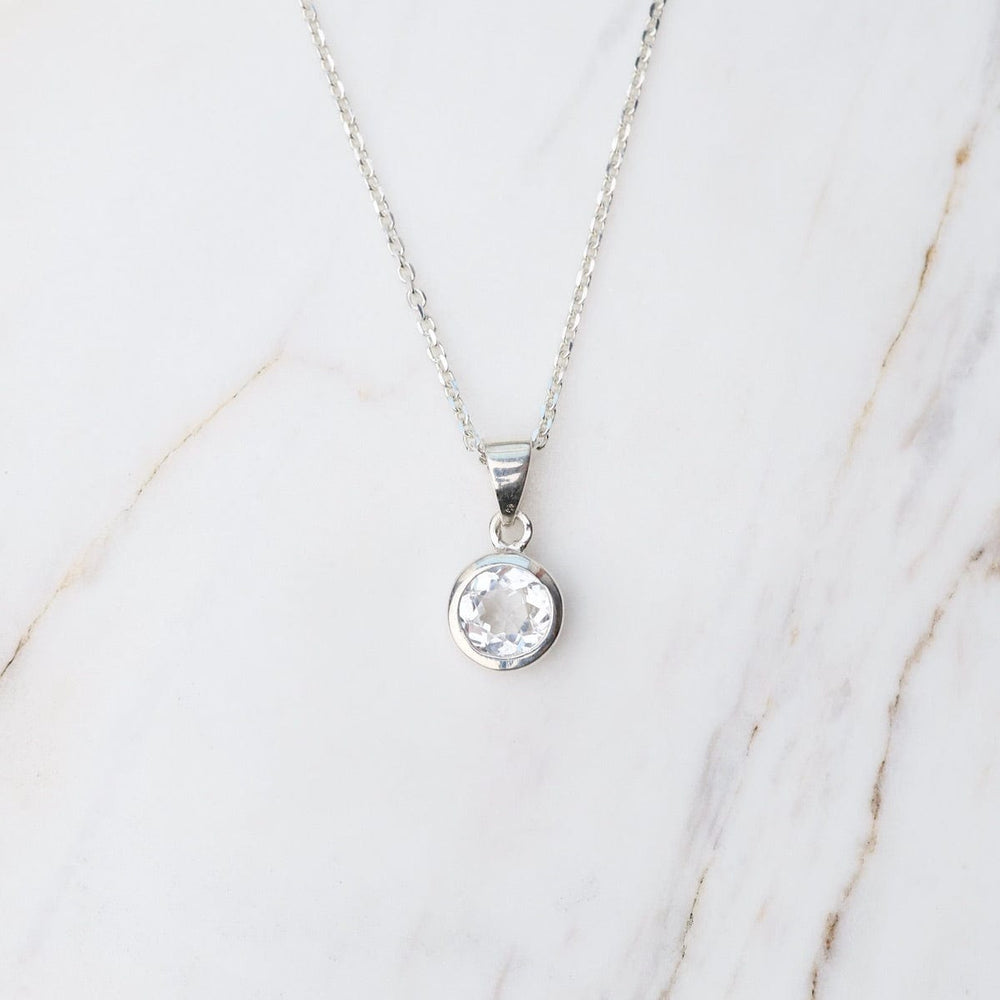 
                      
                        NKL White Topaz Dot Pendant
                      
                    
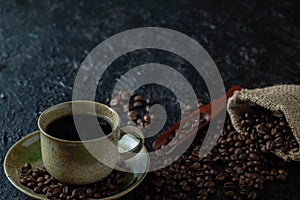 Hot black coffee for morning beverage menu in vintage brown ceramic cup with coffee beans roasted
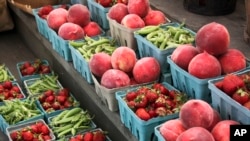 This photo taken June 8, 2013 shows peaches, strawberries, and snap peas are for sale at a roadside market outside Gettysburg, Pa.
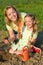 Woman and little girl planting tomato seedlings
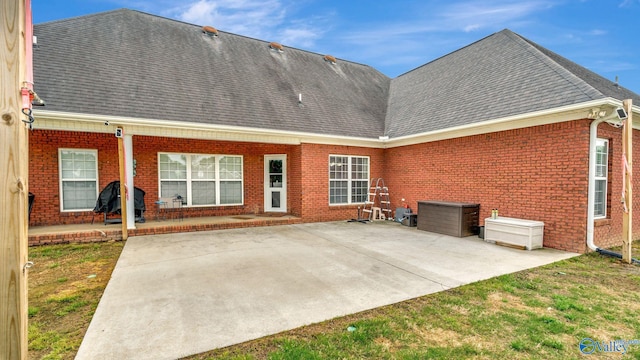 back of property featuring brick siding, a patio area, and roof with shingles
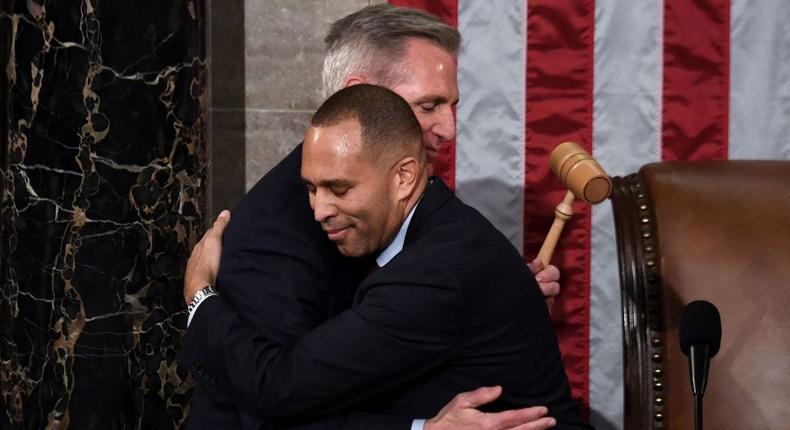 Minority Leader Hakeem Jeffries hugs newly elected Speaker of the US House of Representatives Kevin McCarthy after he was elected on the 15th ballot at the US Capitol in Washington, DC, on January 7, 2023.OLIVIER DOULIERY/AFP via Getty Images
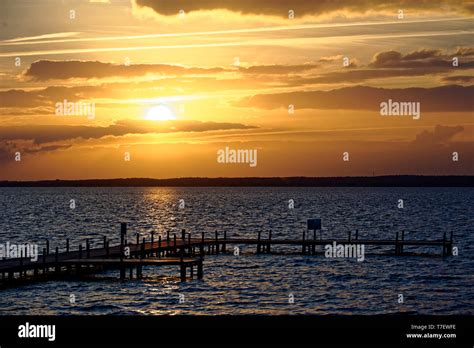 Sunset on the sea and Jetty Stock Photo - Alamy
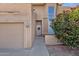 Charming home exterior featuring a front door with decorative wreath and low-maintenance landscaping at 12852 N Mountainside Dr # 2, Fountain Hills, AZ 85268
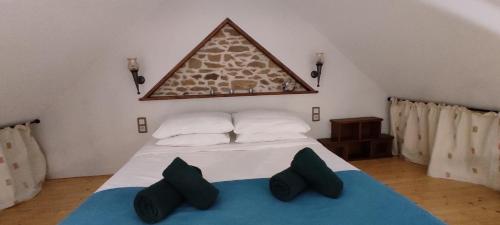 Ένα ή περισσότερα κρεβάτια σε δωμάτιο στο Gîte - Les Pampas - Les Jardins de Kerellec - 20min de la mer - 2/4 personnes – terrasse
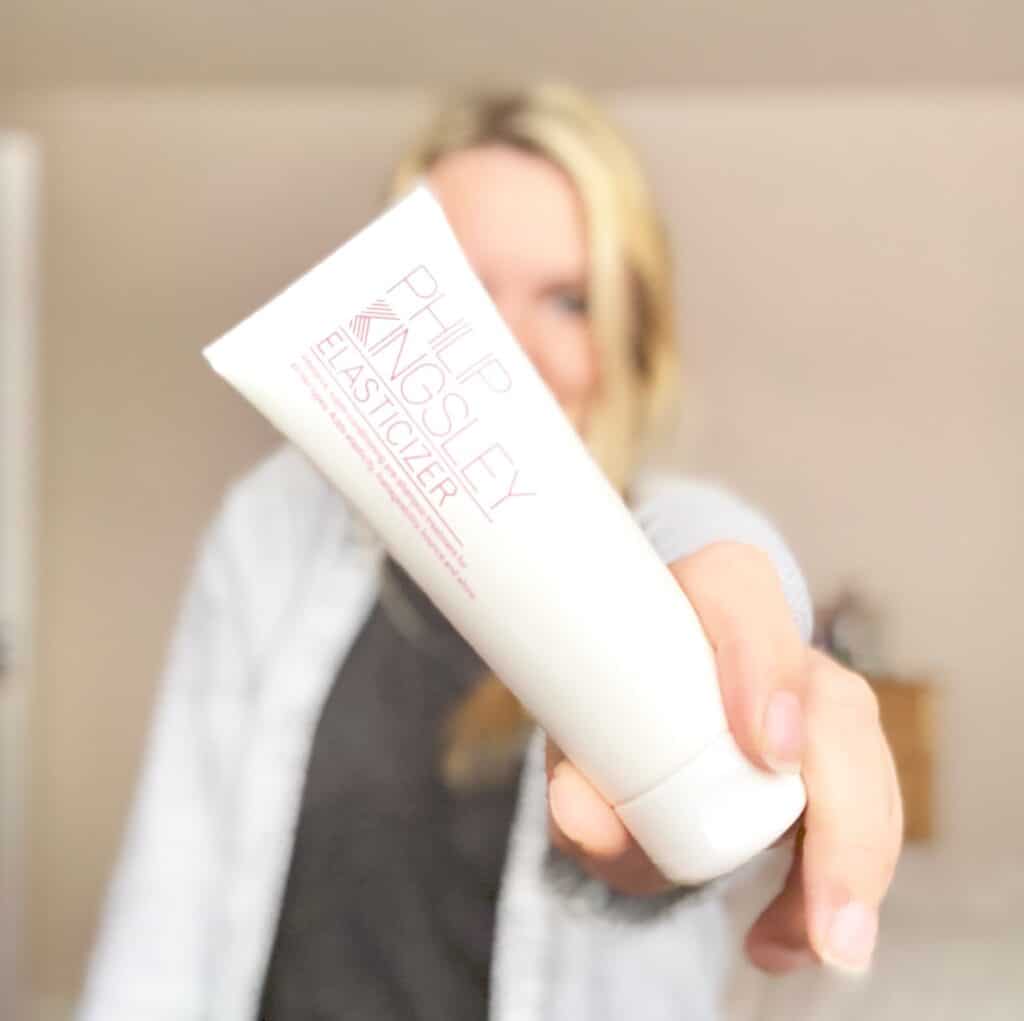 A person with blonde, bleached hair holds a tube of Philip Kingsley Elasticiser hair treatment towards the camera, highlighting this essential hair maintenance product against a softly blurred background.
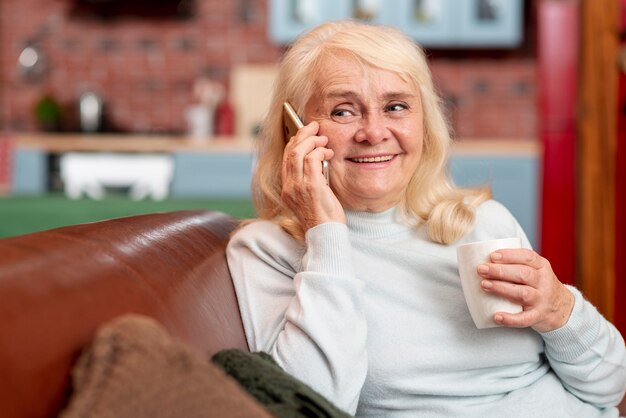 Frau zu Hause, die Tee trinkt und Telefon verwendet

===

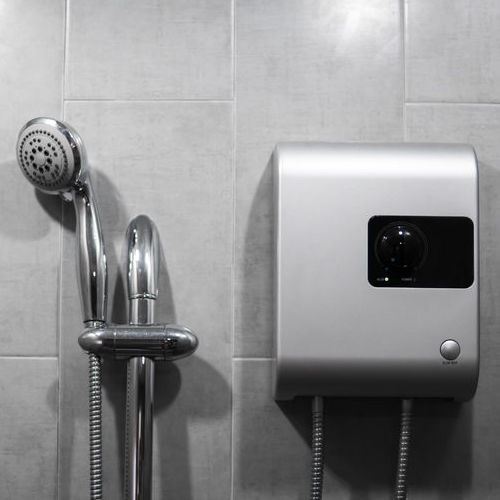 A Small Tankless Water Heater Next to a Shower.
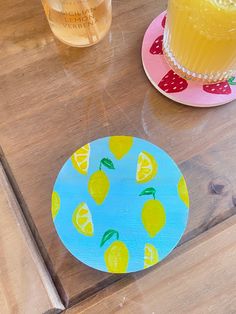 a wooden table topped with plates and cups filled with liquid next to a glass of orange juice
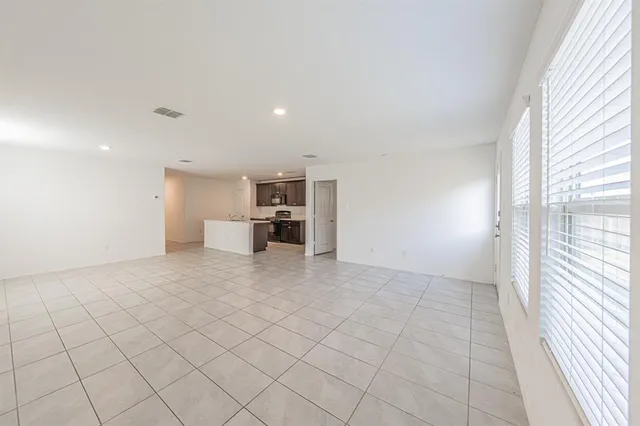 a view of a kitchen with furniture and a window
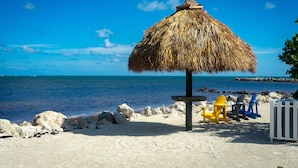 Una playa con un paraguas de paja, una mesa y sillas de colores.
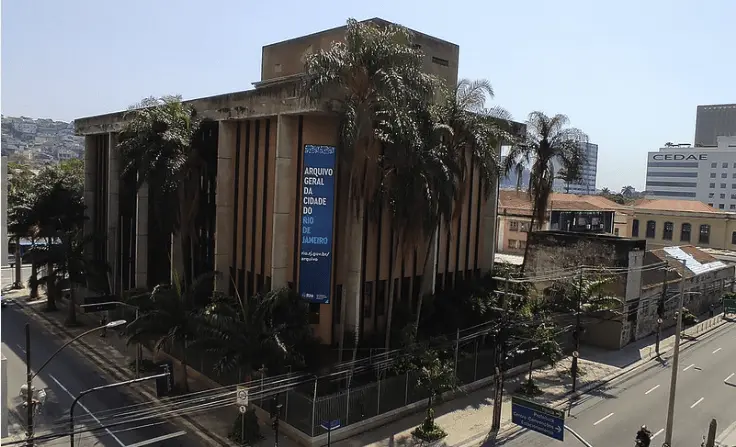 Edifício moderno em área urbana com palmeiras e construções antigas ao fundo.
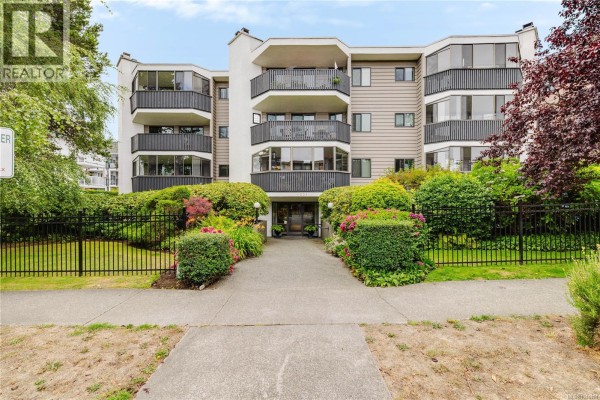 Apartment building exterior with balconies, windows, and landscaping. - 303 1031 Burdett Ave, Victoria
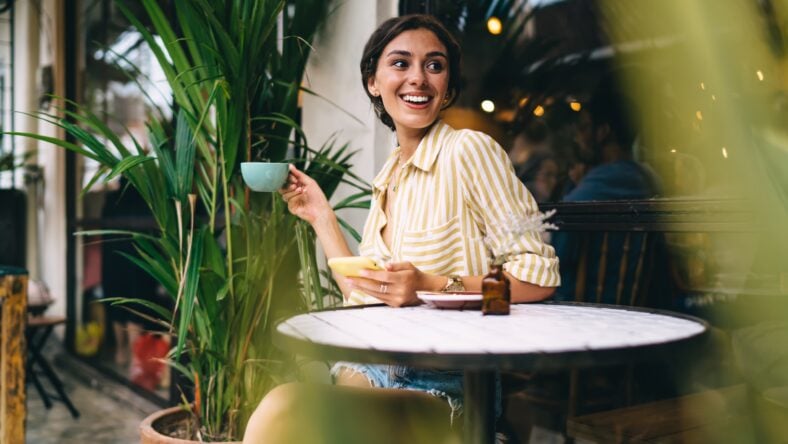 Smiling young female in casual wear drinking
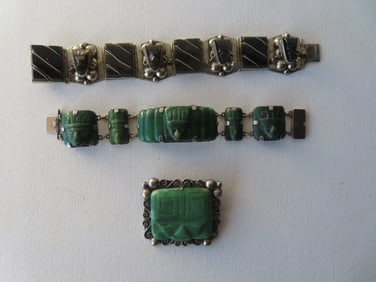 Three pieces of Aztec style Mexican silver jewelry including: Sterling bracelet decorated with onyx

===

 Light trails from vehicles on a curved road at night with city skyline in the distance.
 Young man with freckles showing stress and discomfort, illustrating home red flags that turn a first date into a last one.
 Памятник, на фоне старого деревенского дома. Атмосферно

===

## Required work
Copy word for word only the lines above from the one with "Woman and little" through the one with "Frau zu Hause, die". Leave pictures out.

## Completed exercise
 Woman and little girl planting tomato seedlings
 back of property featuring brick siding, a patio area, and roof with shingles
 Minority Leader Hakeem Jeffries hugs newly elected Speaker of the US House of Representatives Kevin McCarthy after he was elected on the 15th ballot at the US Capitol in Washington, DC, on January 7, 2023.OLIVIER DOULIERY/AFP via Getty Images
 Sunset on the sea and Jetty Stock Photo - Alamy
 Charming home exterior featuring a front door with decorative wreath and low-maintenance landscaping at 12852 N Mountainside Dr # 2, Fountain Hills, AZ 85268
 Ένα ή περισσότερα κρεβάτια σε δωμάτιο στο Gîte - Les Pampas - Les Jardins de Kerellec - 20min de la mer - 2/4 personnes – terrasse
 A person with blonde, bleached hair holds a tube of Philip Kingsley Elasticiser hair treatment towards the camera, highlighting this essential hair maintenance product against a softly blurred background.
 Frau zu Hause, die Tee trinkt und Telefon verwendet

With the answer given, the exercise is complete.